Energy Department invests $14 million in innovative building efficiency technologies

by Brianna Crandall — July 16, 2014—The U.S. Department of Energy (DOE) just announced up to $14 million in funding for 15 research and development projects to support technologies that will contribute to advancing early-stage, breakthrough energy-efficient solutions for buildings and homes. These projects are intended to help building managers and homeowners reduce energy demand, save money and accelerate the deployment of clean energy technologies.

Seven incubator projects will be funded with nearly $6 million to improve heating, ventilation and air-conditioning (HVAC), water heating, sensors and controls, and building energy modeling. Additionally, eight frontier projects will receive $8 million to address energy efficiency in advanced clothes dryers, windows, and building thermal insulation. Frontier projects seek to improve the efficiency of existing technologies by incorporating new, innovative materials or components.

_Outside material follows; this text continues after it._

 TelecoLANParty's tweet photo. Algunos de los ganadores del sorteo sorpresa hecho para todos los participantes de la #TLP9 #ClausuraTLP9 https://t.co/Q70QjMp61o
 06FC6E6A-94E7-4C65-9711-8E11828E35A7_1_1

Cost-shared with a $3 million investment from industry, the projects are expected to dramatically reduce energy consumption in commercial and residential buildings. In 2013, this accounted for nearly 40 percent of all energy use in the United States, an estimated cost of $413 billion.

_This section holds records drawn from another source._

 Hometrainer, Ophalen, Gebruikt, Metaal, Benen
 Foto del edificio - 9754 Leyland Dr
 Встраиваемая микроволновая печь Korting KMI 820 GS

The innovative approaches are working to improve smart-building technologies including lighting, lighting controls, and highly insulated walls and windows, and to increase efficiency measures that complement a building’s entire energy management system. A summary of the technologies follows:

  • A high-performance refrigerator that uses a novel rotating heat exchanger that allows for evaporation without a defrost cycle;
  • A hybrid energy modeling method that combines physics-based simulations with in-situ measured temperature data to create a more robust model for retrofit analysis;
  • An ultra-efficient air-conditioning and heating system based on an air-bearing rotary heat exchanger for building-scale HVAC systems;
  • A higher efficiency HVAC electric motor with a novel parallel magnetic circuit path that will lower the cost of the motor by reducing the size of the conductor loop and using less powerful magnets;
  • Low-cost, user-installable building sensors that are powered without wires or batteries and instead harvest power from vibrational energy in the environment;
  • Improving energy efficiency in small and medium commercial buildings by non-intrusively monitoring load and equipment health of HVAC systems;
  • Three clothes dryer projects: using ultrasound to remove moisture without creating much lint; using infrared heating to add energy directly to the water molecules in the clothing and heat recovery from the condensed water; and a ventless thermoelectric dryer that uses low-cost, solid-state heat pumps that use temperature differences to generate electricity;
  • Three foam insulation projects: a biobased, inexpensive, noncorrosive, nonflammable insulation that incorporates better foaming agents and strong nanocellulose fibers to make it more commercially viable; an enhanced insulation that is placed between the inner and outer frames of a commercial window to prevent temperature transfer through the frame and condensation on the inside frame; and a new type of foam board insulation that uses a modified atmosphere insulation panel sandwiched inside a foam board insulation;
  • Lowering manufacturing costs for highly insulating vacuum-insulated glazings with a fabricate-on-demand process, improving edge sealing, pillar design and the evacuation process; and
  • A transparent window glaze that insulates without distorting or hazing the image, with applications to skylights and windows.